Macros

Nemerle type-safe macros

What exactly is a macro?

Basically every macro is a function, which takes a fragment of code as parameter(s) and returns some other code. On the highest level of abstraction it doesn't matter if parameters are function calls, type definitions or just a sequence of assignments. The most important fact is that they are not common objects (e.g. instances of some types, like integer numbers), but their internal representation in the compiler (i.e. syntax trees).

A macro is defined in the program just like any other function, using common Nemerle syntax. The only difference is the structure of the data it operates on and the way in which it is used (executed at compile-time).

A macro, once created, can be used to process some parts of the code. It's done by calling it with block(s) of code as parameter(s). This operation is in most cases indistinguishable from a common function call (like f(1)), so a programmer using a macro would not be confused by unknown syntax. The main concept of our design is to make the usage of macros as transparent as possible. From the user point of view, it is not important if particular parameters are passed to a macro, (which would process them at the compile-time and insert some new code in their place), or to an ordinary function.

Defining a new macro

Writing a macro is as simple as writing a common function. It looks the same, except that it is preceded by a keyword macro and it lives at the top level (not inside any class). This will make the compiler know about how to use the defined method (i.e. run it at the compile-time in every place where it is used).

Macros can take zero (if we just want to generate new code) or more parameters. They are all elements of the language grammar, so their type is limited to the set of defined syntax objects. The same holds for a return value of a macro.

Example:

macro generate_expression ()
{
  MyModule.compute_some_expression ();
}

This example macro does not take any parameters and is used in the code by simply writing generate_expression ();. The most important is the difference between generate_expression and compute_some_expression - the first one is a function executed by the compiler during compilation, while the latter is just some common function that must return syntax tree of expressions (which is here returned and inserted into program code by generate_expression).
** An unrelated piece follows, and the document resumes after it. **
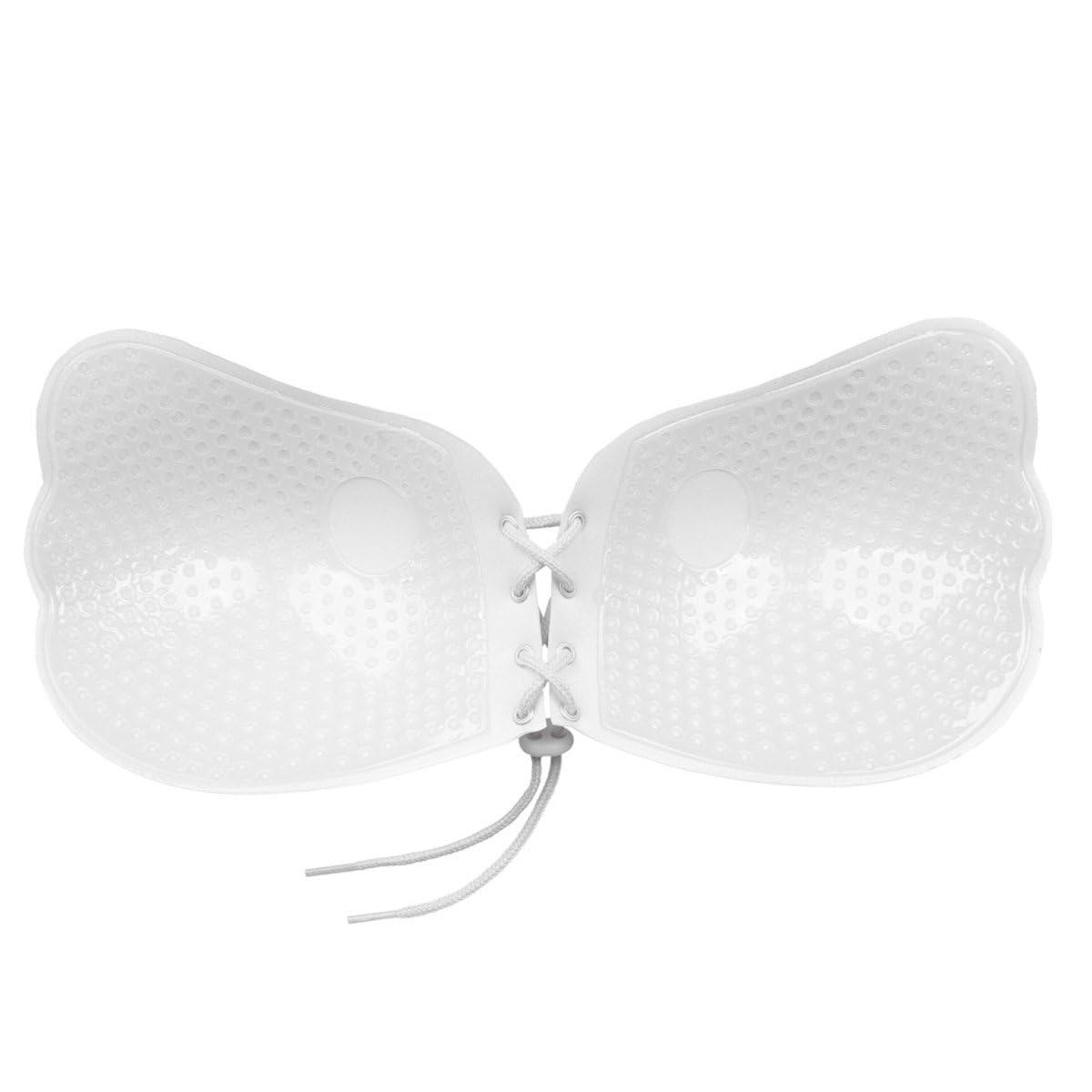 Bye Bra Lace-It Bra, Adhesive Bra, Push-up Bra, Self-Adhesive Bra, Sticky Bra, Strapless and Backless Bra, Cup A-E, Beige/Black/White(White,D)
Compiling a simplest macro

In order to create and use a macro you have to write a library, which will contain its executable form. You simply create a new file mymacro.n, which can contain for example

macro m () {
  Nemerle.IO.printf ("compile-time\n");
  <[ Nemerle.IO.printf ("run-time\n") ]>;
}

and compile it with command

 ncc -r Nemerle.Compiler.dll -t:dll mymacro.n -o mymacro.dll

Now you can use m() in any program, like here

module M {
  public Main () : void {
    m ();
  }
}

You must add a reference to mymacro.dll during compilation of this program. It might look like

 ncc -r mymacro.dll myprog.n -o myprog.exe

Exercise

Write a macro, which, when used, should slow down the compilation by 5 seconds (use System.Timers namespace) and print the version of the operating system used to compile program (use System.Environment namespace).

Operating on syntax trees

Definition of function compute_some_expression might look like:

using Nemerle.Compiler.Parsetree;

module MyModule 
{
  public mutable debug_on : bool;

  public compute_some_expression () : PExpr 
  {
    if (debug_on) 
      <[ System.Console.WriteLine ("Hello, I'm debug message") ]>
    else
      <[ () ]>
  }
}

The examples above show a macro, which conditionally inlines expression printing a message. It's not quite useful yet, but it has introduced the meaning of compile-time computations and also some new syntax used only in writing macros and functions operating on syntax trees. We have written here the <[ ... ]> constructor to build a syntax tree of expression (e.g. '()').

Quotation operator

<[ ... ]> is used to both construction and decomposition of syntax trees. Those operations are similar to quotation of code. Simply, everything which is written inside <[ ... ]>, corresponds to its own syntax tree. It can be any valid Nemerle code, so a programmer does not have to learn internal representation of syntax trees in the compiler.

macro print_date (at_compile_time)
{                   
  match (at_compile_time) {
    | <[ true ]> => MyModule.print_compilation_time ()
    | _ => <[ WriteLine (DateTime.Now.ToString ()) ]>
  }
}

The quotation alone allows using only constant expressions, which is insufficient for most tasks. For example, to write function print_compilation_time we must be able to create an expression based on a value known at the compile-time. In next sections we introduce the rest of macros' syntax to operate on general syntax trees.

Matching subexpressions

When we want to decompose some large code (or more precisely, its syntax tree), we must bind its smaller parts to variables. Then we can process them recursively or just use them in an arbitrary way to construct the result.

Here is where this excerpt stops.